Ontogenesis of myosin light chain kinase mRNA and protein content in guinea pig tracheal smooth muscle.

We previously reported in guinea pig tracheal smooth muscle that maximal shortening velocity decreases from 3 weeks of age to adulthood. It is not known whether myosin light chain kinase (MLCK), a key enzyme determining the velocity of smooth muscle contraction, undergoes maturational changes. In the present work, we investigated MLCK protein content and mRNA expression in 1-week-old, 3-week-old, and adult guinea pigs. We extracted either proteins or RNA from isolated tracheal smooth muscle. The content of MLCK was assessed by Western immunoblots. MLCK mRNA was evaluated by Northern analysis and by quantitative real time reverse transcriptase-polymerase chain reaction (RT-PCR). The content of MLCK increased 3-fold at 3 weeks of age and then decreased in adults, being 0.116 +/- 0.042, 0.330 +/- 0.125 (P < 0.05), and 0.153 +/- 0.054 microg/mg of total protein, respectively, in 1-week, 3-week, and adult animals. Quantitative RT-PCR revealed that MLCK mRNA increased with age to 135 +/- 35% and 177 +/- 23% (P < 0.01) in 3-week and adult animals, respectively, compared to 1-week animals. The transient increase of MLCK content in juvenile guinea pig tracheal smooth muscle may contribute to the increased shortening velocity at this age. We suggest that this increased content of MLCK is one of the mechanisms leading to maturation of airway smooth muscle contractility, which in turn contributes to the airway hyperresponsiveness reported in children and young animals.

Ovalbumin sensitization of guinea pig at birth prevents the ontogenetic decrease in airway smooth muscle responsiveness.
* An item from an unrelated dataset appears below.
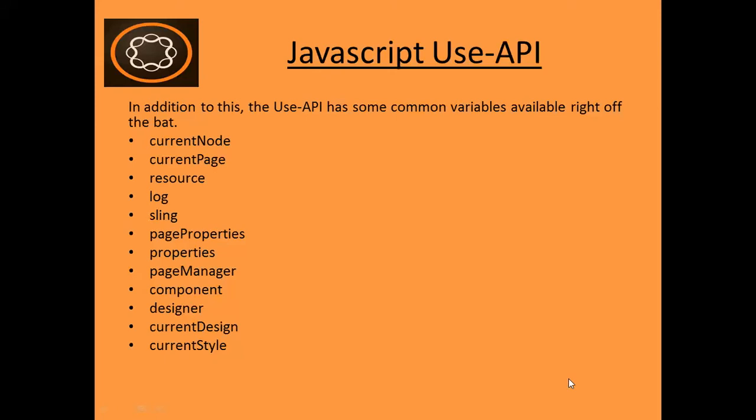In addition to this, the Use-API that we are going to use has common variables already available to it. For example, it has currentNode, currentPage, resources, etc. These objects are already available to the JavaScript Use-API.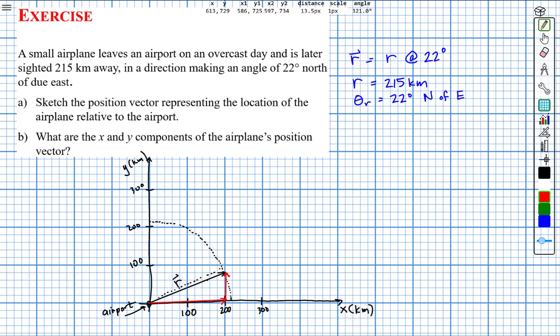The x component is a one-dimensional vector parallel to the x-axis, and the y component is a one-dimensional vector parallel to the y-axis. Looking at this roughly, I'd say the x component of vector R is about 200 kilometers and the y component is roughly 80 kilometers. I'm going to write that to the side and use it later as a reality check for my algebra.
Airway smooth muscle (ASM) displays a hyperresponsive phenotype at young age and becomes less responsive in adulthood. We hypothesized that allergic sensitization, which causes ASM hyperresponsiveness and typically occurs early in life, prevents the ontogenetic loss of the ASM hyperresponsive phenotype. We therefore studied whether neonatal allergic sensitization, not followed by later allergen challenges, alters the ontogenesis of ASM properties. We neonatally sensitized guinea pigs to ovalbumin and studied them at 1 week, 3 weeks, and 3 months (adult). A Schultz-Dale response in isolated tracheal rings confirmed sensitization. The occurrence of inflammation was evaluated in the blood and in the submucosa of large airways. We assessed ASM function in tracheal strips as ability to produce force and shortening. ASM content of vimentin was also studied. A Schultz-Dale response was observed in all 3-week or older sensitized animals. A mild inflammatory process was characterized by eosinophilia in the blood and in the airway submucosa. Early life sensitization had no effect on ASM force generation, but prevented the ontogenetic decline of shortening velocity and the increase in resistance to shortening. Vimentin increased with age in control but not in sensitized animals. Allergic sensitization at birth without subsequent allergen exposures is sufficient to prevent normal ASM ontogenesis, inducing persistence to adulthood of an ASM hyperresponsive phenotype.